Read more about our travels on the peninsula.
Bathe in the soft light of a Baja California sunset is a testament to bureaucratic arrogance: the marina at Santa Rosalííta. Instead of the economic benefits of having boaters visit their seaside village as vessels gently bob in the protected cove, they now have, arguably, one of the world's largest sand boxes.
At least the breakwater they built into the ocean has made for a sweet surf spot…
We spoke to a local, who said villagers advised government officials not to build the marina at that location because it would fill with sand. A slew of experts ignored the advice from the 250 or so people who call this stretch of sand and rock in central Baja California home. You would think someone would have listened to them. Most in town are fishermen and know these waters better than their own kids.
Now, the government of Mexico sits on a multi-million peso boondoggle. But it wasn’t all for naught: villagers say they got a new, paved road to the highway and electricity in return for having to look at empty buildings rust away in the salty air. And, they hope to get Internet access soon.
That’s right; within driving distance of the richest, most powerful country in the world are hamlets where the conveniences of modern life are non-existent.
Santa Rosalííta is about an eight hour drive south of Ensenada. Leaving Ensenada, the road quickly turns into a rural, two lane road filled with green fields and rows and rows of crops. Grapes for wine making, broccoli for salads and strawberries for ice cream are grown for miles and miles in large valleys surrounded by lush mountains.

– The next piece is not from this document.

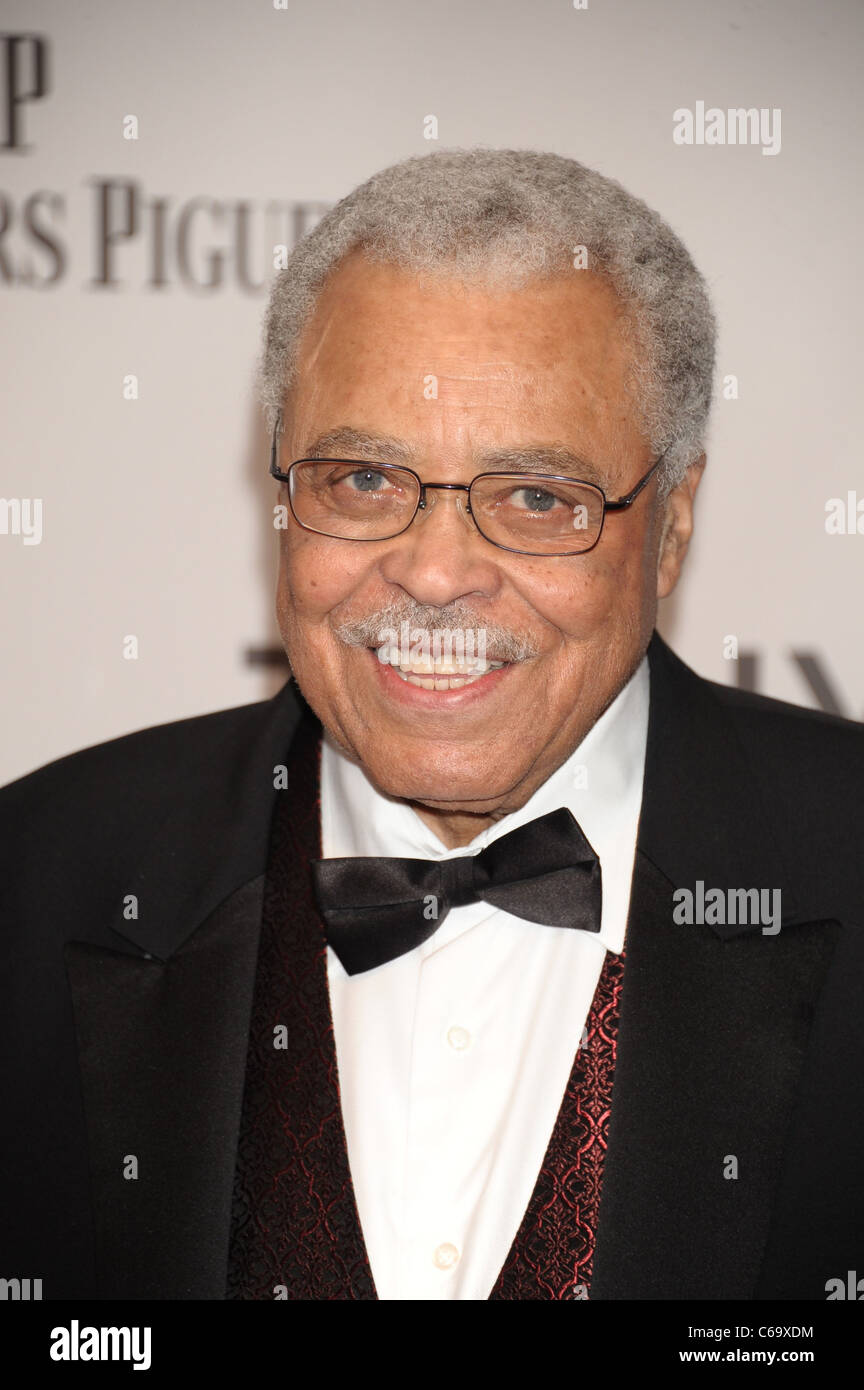 James Earl Jones au théâtre américain pour des arrivées du 65e Escadre Antoinette Perry Tony Awards - Arrivals, Beacon Theater, New York, NY 12 Juin, 2011. Photo par : Rob riche/Everett Collection Banque D'Images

You could tell the size of the towns by the number of stoplights. If there was at least one red light, like Camalu, it was on a map. Without a light, map makers don’t even bother.

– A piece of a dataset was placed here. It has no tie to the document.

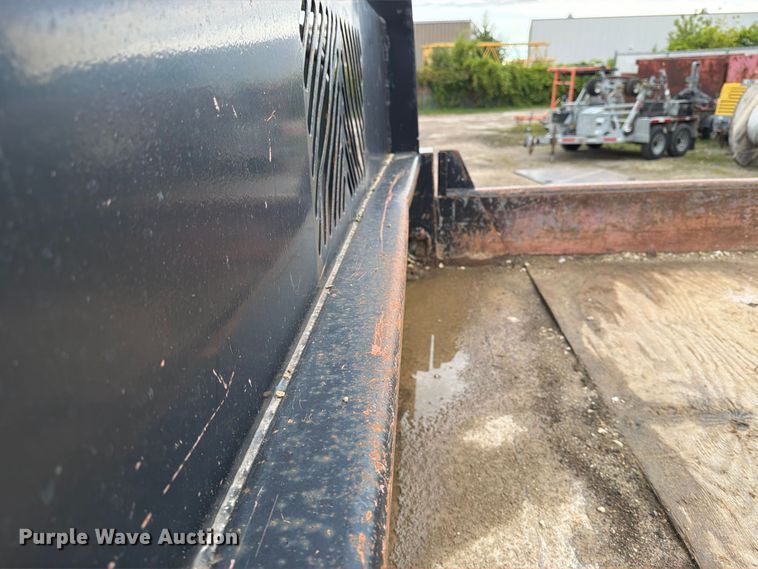 image for item DV2070 2005 Ford F350 Super Duty flatbed pickup truck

In the one stoplight town of San Vicente, I was reminded of a unique tradition in Latin America: collection roadblocks. In this case, two attractive women were standing in the middle of the two-lane highway in front of the ambulance stand soliciting donations for the emergency service. Considering how narrow the road was and the size of the oncoming trucks, I sought some good Karma and donated a few pesos in the hopes we won't need to use their services.
Then, after the town of El Rosario, the road climbs and the climate turns dry. Leafy green mountains turn to mounds of boulders, dotted with tall cactus and cirio trees. Apparently, a pastime for Mexicans is to use these boulders for murals, political messages and love notes to "María" de "José". I guess one man’s graffiti can be another man’s local arts scene…

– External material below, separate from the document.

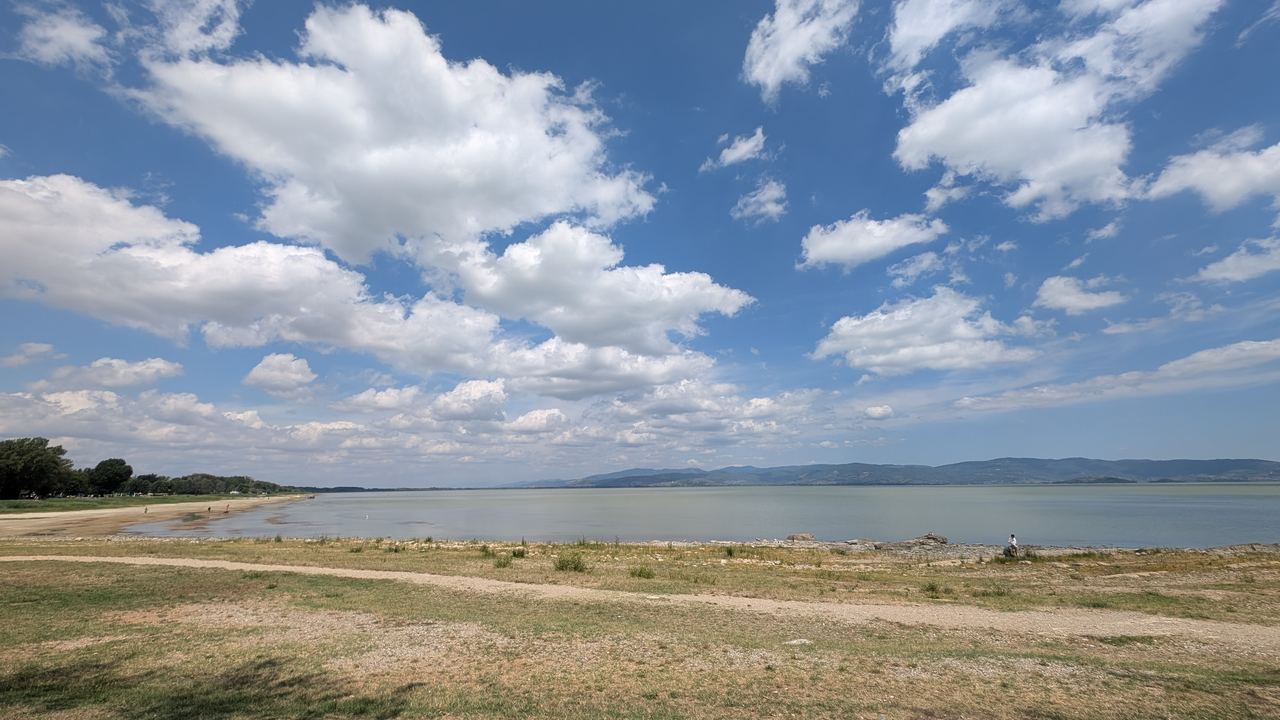 Castiglione del Lago on Lake Trasimeno, host of the July rally stage and the Trasimeno Night Glow.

Then, the climate turns even drier, with white sands and brown scrub. Yet, out in the middle of this arid expanse, a cow. Can’t see anyone for miles, but you see livestock.
The breathtaking environment inspired some choice quotes from the reporting crew.
“Wow, this is truly trippy,” Replogle said. “It is really cool not to see anyone around.”
Hope she didn’t mean it because without people, we wouldn’t have much of a job as no one would see, hear and read our stories.
Up on a windy ridge in an undisclosed location to protect it from potential green energy speculators, Euphrat tried to make as much noise as possible to shoo away snakes while filming the landscape.
“The wind is making my earrings sound like wind chimes,” she said. It must have worked, she made it back with no extra poison in her system.
More than 400 miles later, we finally made it to Guerrero Negro for the night and to the Mexican state of Baja California Sur. A brilliant moon helped guide the way along the dark, winding highway. Our next stop is Scorpion Bay. Hope it doesn’t live up to its name.
I leave you with a video of how we ended our day. I may be biased, but it’s much better than sitting on a bus or stuck in rush hour traffic. Feel free to click play for a quick break from reality.
Hasta mañana amigos...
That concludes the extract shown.